---------- Extracted material
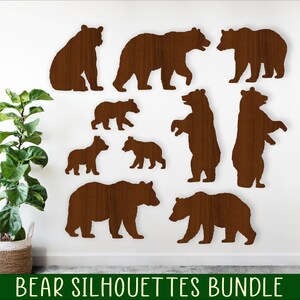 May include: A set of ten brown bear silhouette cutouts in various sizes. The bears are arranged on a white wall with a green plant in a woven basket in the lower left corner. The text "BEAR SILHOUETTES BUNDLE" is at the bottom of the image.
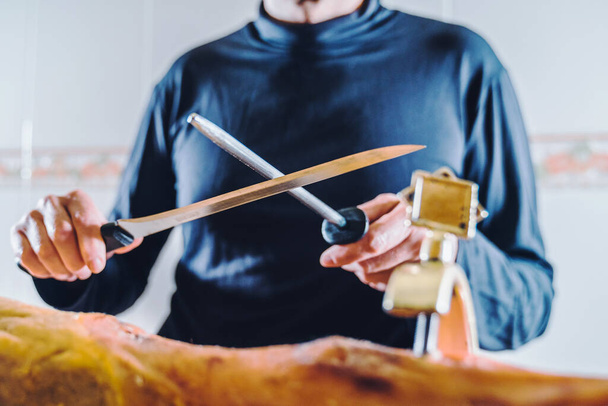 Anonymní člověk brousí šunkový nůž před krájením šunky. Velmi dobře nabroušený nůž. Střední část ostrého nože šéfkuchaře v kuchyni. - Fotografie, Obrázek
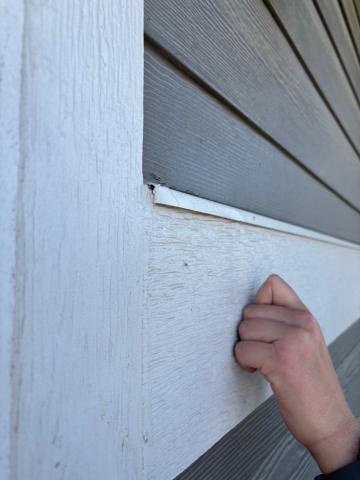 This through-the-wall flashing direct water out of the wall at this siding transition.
--------------------
---------- Extracted material
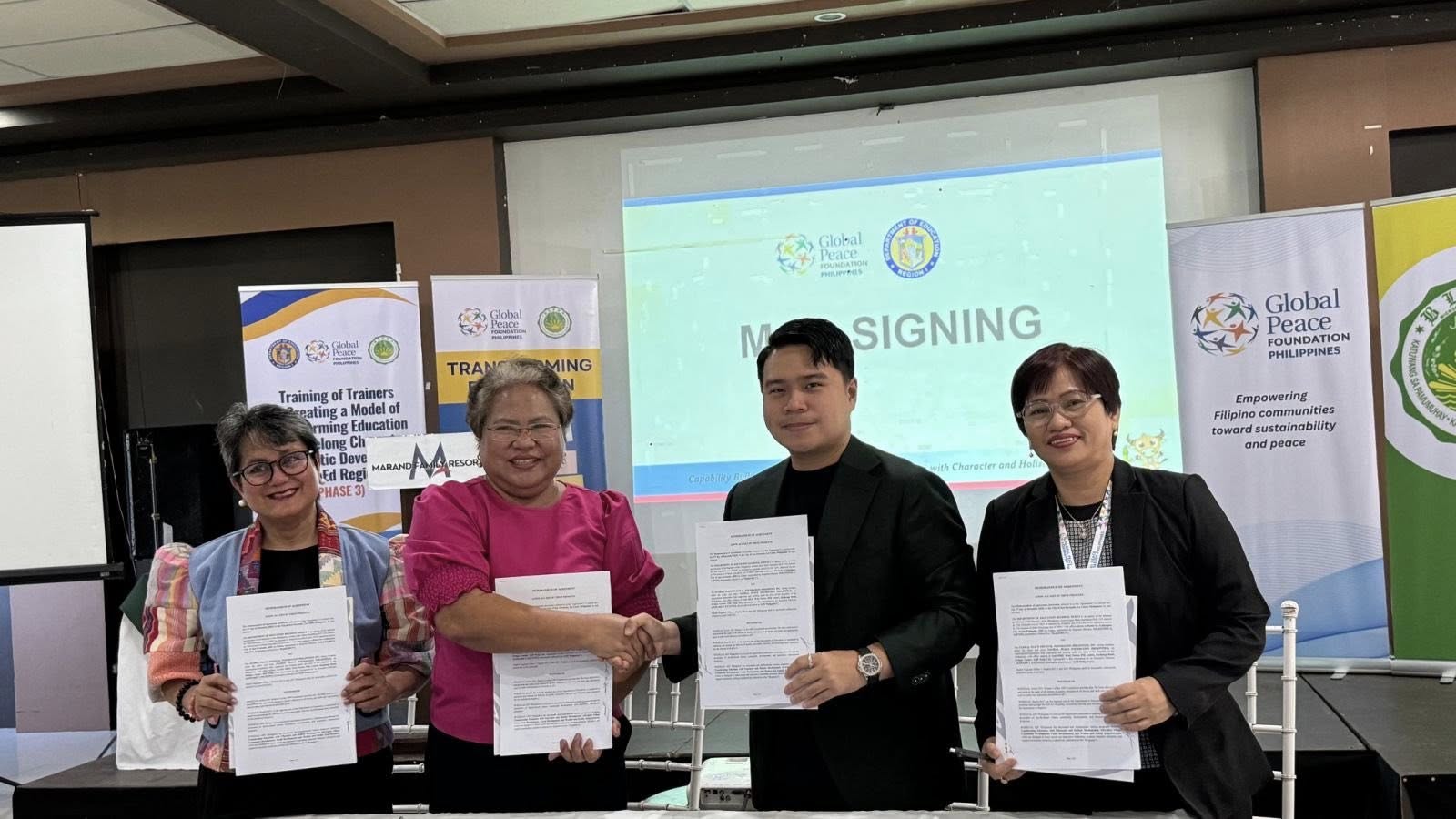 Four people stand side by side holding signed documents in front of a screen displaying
--------------------
---------- Extracted material
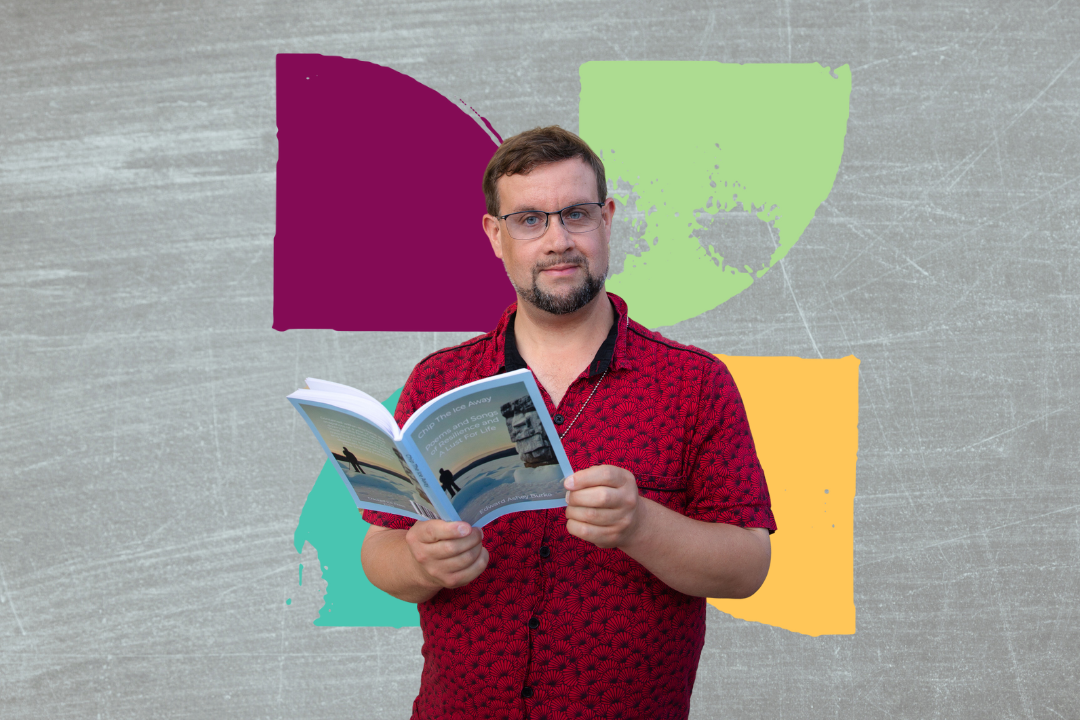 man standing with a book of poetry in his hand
--------------------
→ Work task
Here the job is to copy the stretch of records from the line containing "May include: A" through the line containing "This through-the-wall flashing", word for word. Leave every picture out.

→ Output below
 May include: A set of ten brown bear silhouette cutouts in various sizes. The bears are arranged on a white wall with a green plant in a woven basket in the lower left corner. The text "BEAR SILHOUETTES BUNDLE" is at the bottom of the image.
 Anonymní člověk brousí šunkový nůž před krájením šunky. Velmi dobře nabroušený nůž. Střední část ostrého nože šéfkuchaře v kuchyni. - Fotografie, Obrázek
 This through-the-wall flashing direct water out of the wall at this siding transition.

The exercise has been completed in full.